Un jeu dangereux insensé
C’est sur le tablier inférieur que quotidiennement, du moins en été seulement, on le suppose, se joue un drame dont personne ne paraît s’offusquer tant il est ordinaire. Mais ceux qui ont un jour traversé le pont Luis Don I peuvent-ils ne pas en avoir été témoins ? À l’une ou l’autre extrémité, des gamins, entre 10 et 15 ans tout juste, grimpent en maillots de bain, avec une agilité de singe, sur le parapet de madriers d’acier entrecroisés, situé à au moins trois mètres au-dessus de la chaussée. On les voit qui frissonnent et s’interpellent. On devine alors qu’ils se défient et s’attribuent un numéro d’ordre. Celui à qui il revient de passer avant les autres, se prépare : il se met à trembler de tous ses membres. La tête dans les épaules, il fait un signe de croix furtif en bredouillant ce qui doit être une prière. Puis soudain, il se jette dans le vide et plonge en faisant jaillir l’eau froide du Douro. La chute fait plus de dix mètres. La gerbe du plongeon soulève la clameur des gamins qui attendent leur tour sur les poutres, tandis que le suivant répète la même mimique que son prédécesseur : une prière marmonnée avec un signe de croix expédié du poignet dans un tremblement de tout le corps.

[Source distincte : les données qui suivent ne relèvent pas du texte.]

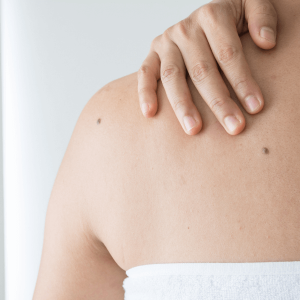 melanoma tratamientos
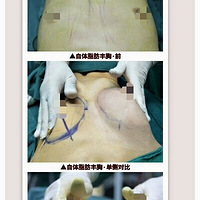 ר��Ũ��֬�����ص�Ч��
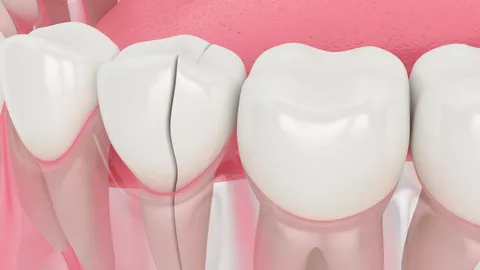 Cracked Teeth: 5 Types of Tooth Fractures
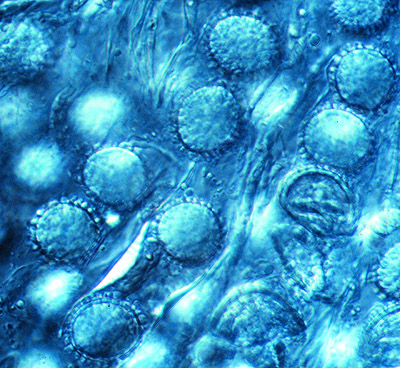 Genea harknessii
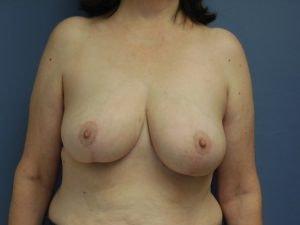 Cynthia M Goodman, MD breast reduction after — Larkspur, CA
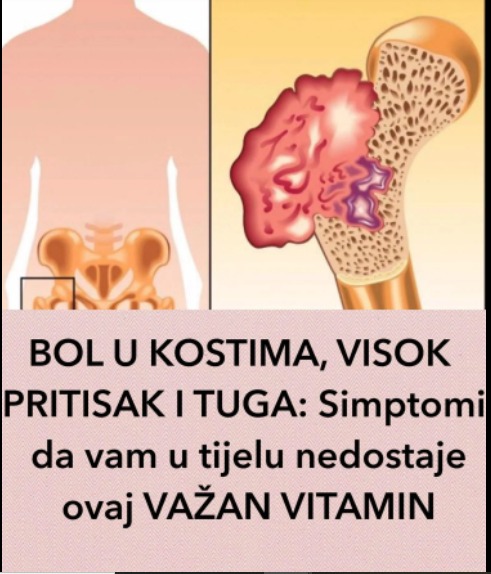 BOL U KOSTIMA, VISOK PRITISAK I TUGA: Simptomi da vam u tijelu nedostaje ovaj VAŽAN VITAMIN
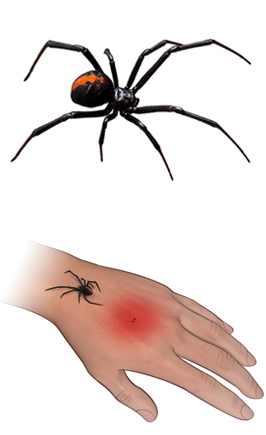 Black Widow spider and bite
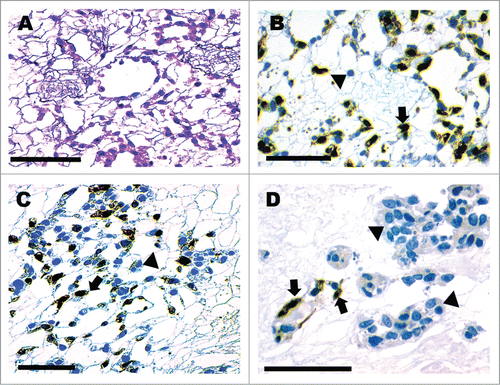 Figure 3. Three-day incubation of scaffold showing antegrade seeding of vasculature and retrograde seeding of collecting system. H&E (A). GFP+ cells line peritubular capillary vessels (B–D) while a GFP− βTC-tet cell population (D) occupy tubular structures. GFP+ cells are marked by arrows and the GFP− βTC-tet cells with arrowheads (B–D). Scale bar 100 μm.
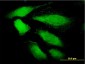 DDEF1 Antibody (monoclonal) (M01)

L’indifférence des autorités
Attablés aux terrasses des cafés et restaurants qui s’avancent sur les quais de la Ribeira, aux pieds du vieux Porto, à proximité du pont, les consommateurs assistent indifférents ou amusés au spectacle de ces gosses qui se précipitent dans le vide, disparaissent avec fracas dans l’eau trouble pour en émerger de longues secondes après et dériver emportés par le courant. Mais c’est vrai, ils nagent comme des poissons : ils s’orientent sans peine vers les quais ou s’agrippent aux « rabelos », ces anciens bateaux de transport de fûts de porto, exposés à l’ancre le long de la rive. Ils se hissent bientôt sur le quai et courent rejoindre leurs copains sur le parapet pour une nouvelle cabriole imbécile.
Qui sont ces enfants ? Nul ne le sait. Sont-ils abandonnés pour être ainsi livrés à eux-mêmes toute la journée et s’adonner à ce jeu dangereux ? Quels parents pourraient être assez inconscients pour laisser ainsi leur enfant à la merci d’une chute mortelle ou de la noyade ? Est-il possible que ça ne puisse pas arriver ? Quand bien même ils en réchapperaient par leur dextérité, l’eau du Douro est trouble à souhait : s’y baigner ne doit pas être sans risque. On ne comprend pas, en tout cas, que les autorités municipales puissent laisser faire ce manège et se désintéresser d’enfants qui exposent aussi dangereusement leur vie aux yeux de tous.